Jazz hire Celtics’ Austin Ainge as president of basketball ops

The Utah Jazz have hired Austin Ainge away from the Boston Celtics as the team’s president of basketball operations, it was announced Monday.

Utah’s current general manager, Justin Zanik, will remain in his role after Ainge’s arrival, sources said, and the two will work together moving forward.

It’s the second big move Utah has made off the court in the past several weeks, after the Jazz locked up coach Will Hardy to a long-term contract extension last month that runs through 2031.

Ainge, 43, has been with the Celtics since 2009, when he was hired to be the coach of their G League affiliate.

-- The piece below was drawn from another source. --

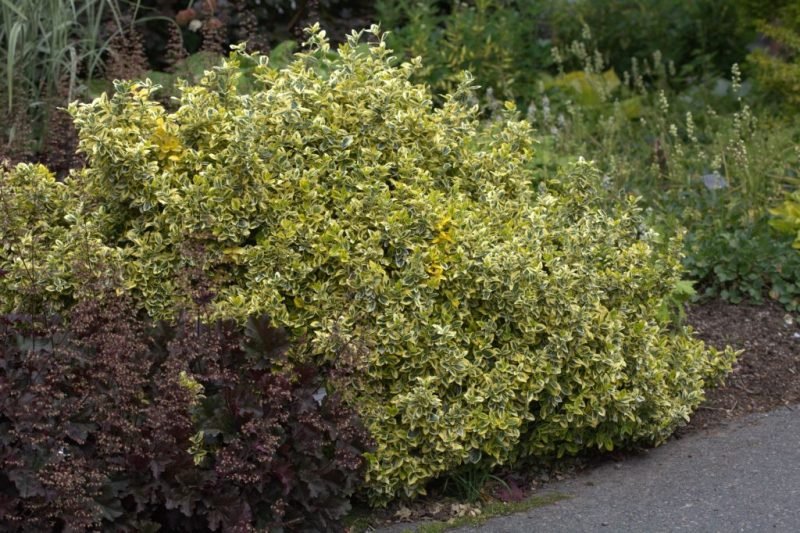 How to plant Spindle 'Emerald 'n' Gold' (Euonymus fortunei 'Emerald 'n' Gold')_1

Two years later, he moved into a front office role and has remained with Boston for the past 14 seasons, including the past six as an assistant general manager.

He worked under his father, Danny, for over a decade in Boston, and will now reunite with him in Utah after the latter — who left the Celtics in the summer of 2021 — was hired by Jazz owner Ryan Smith as chief executive officer as well as taking on the role of alternate governor in December of that year.

Over the past 14 years, Austin Ainge has been part of a Celtics front office that has consistently been hailed as among the league’s best. In addition to winning the 2024 NBA title, the Celtics have made the playoffs in 17 of the last 18 seasons and have won at least one playoff series in eight of the last nine years.

Ainge, however, will be inheriting a Jazz roster that’s in a much different place. While Utah does have All-Star forward Lauri Markkanen under contract for the next four years, the Jazz won 17 games this past season — their lowest win total in franchise history — and finished with the NBA’s worst record in the hopes of getting some lottery luck and landing Cooper Flagg with the top pick in next month’s NBA draft.

Instead, the Jazz fell all way down to the fifth pick in the draft after failing to get any of the four drawn selections in last month’s draft lottery. Utah also has the 21st overall pick as part of the Rudy Gobert trade with the Minnesota Timberwolves, as well as a pair of second-round picks.

Utah’s roster includes six recent first-round picks by the Jazz, and eight players under the age of 23.